Mackenzie O'Hara is a fictional character from the BBC Scotland soap opera River City played by Connor McPhelim. He is the son of Kim O'Hara (Frances Thorburn).

== Rick Harper ==

Rick Harper is a fictional character from the BBC Scotland soap opera River City played by Alex Ferns.

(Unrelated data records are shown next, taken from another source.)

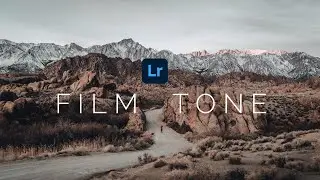 How to Edit Cinematic - Film Look | Free Lightroom Presets | Lightroom Mobile Editing Tutorial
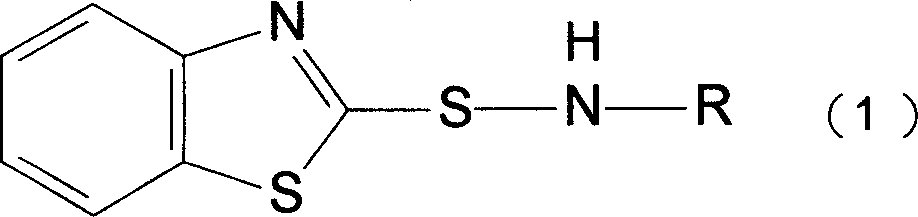 Rubber composition for tread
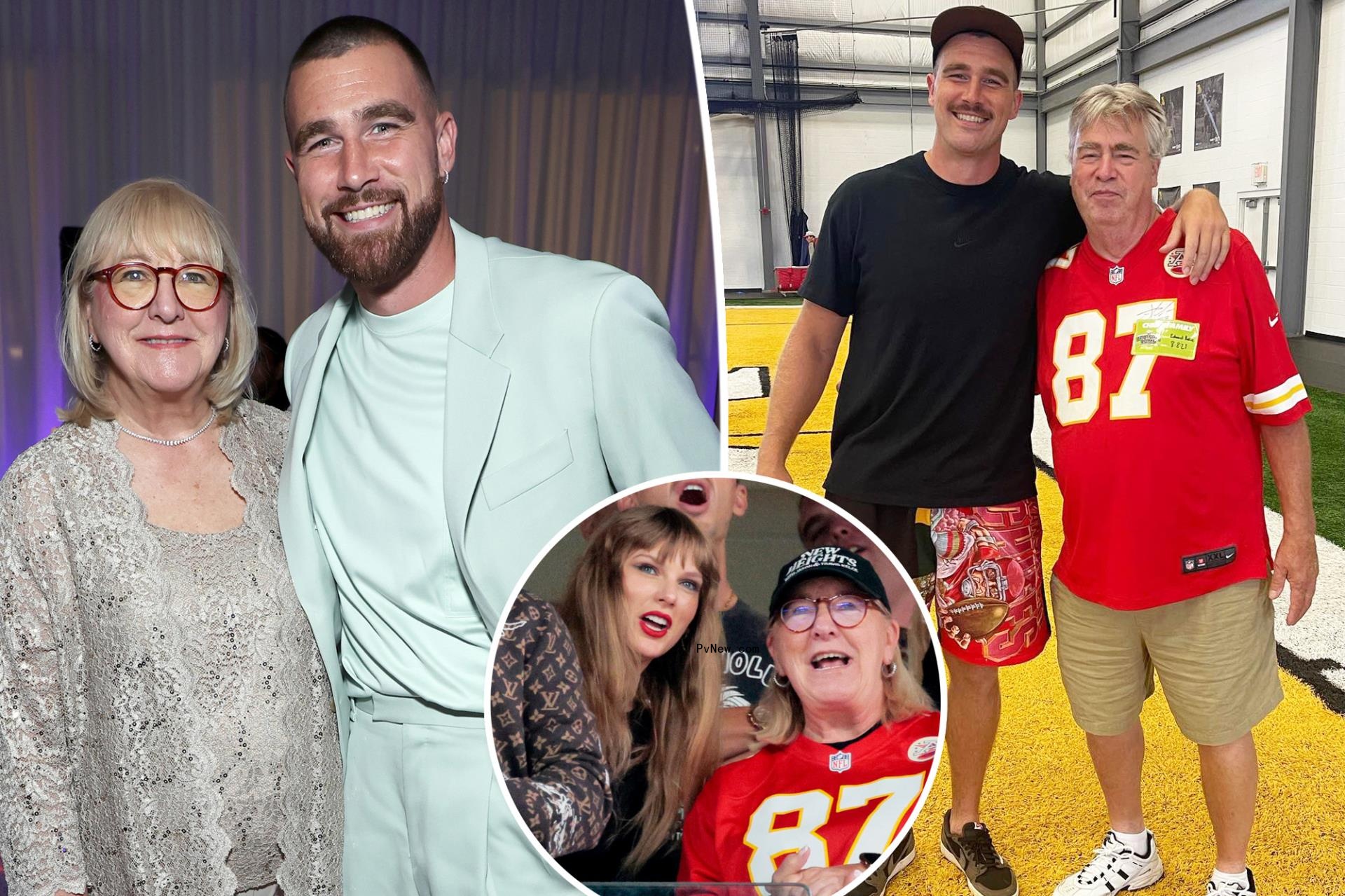 Who are Travis Kelce’s parents? Meet Do<i></i>nna and Ed, now in the Taylor Swift spotlight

The villain was killed off in a whodunit storyline when he was hit on the head with a candle stick, later revealed to be Frankie Roth (Lorna McMenemy).

== Dougie Patterson ==

Dougie Patterson is a fictional character from the BBC Scotland soap opera River City played by Stewart Porter.

== Charlotte Crozier ==

Charlotte Crozier (also Murdoch) is a fictional character from the BBC Scotland soap opera River City played by Daisy Veldhoven.

== Jules Belmont ==

Jules Belmont is a fictional character from the BBC Scotland soap opera River City played by Aisha Toussaint.

== Shelley Belmont ==

Shelley Belmont is a fictional character from the BBC Scotland soap opera River City played by Adiza Shardow.

== Farah Khurana ==

Farah Khurana is a fictional character from the BBC Scotland soap opera River City played by Shobna Gulati. Gulati is famous from playing Sunita Alahan in Coronation Street. Farah is a university friend of artisan baker AJ Jandhu. The character is described as "fun loving".

== John McLean ==

John McLean is a fictional character from the BBC Scotland soap opera River City played by Frank Gilhooley.

John is involved in an incest and sex abuse storyline.

== Danny Turner ==

Danny Turner is a fictional character from the BBC Scotland soap opera River City played by Neil Pendleton from 2017 to 2018.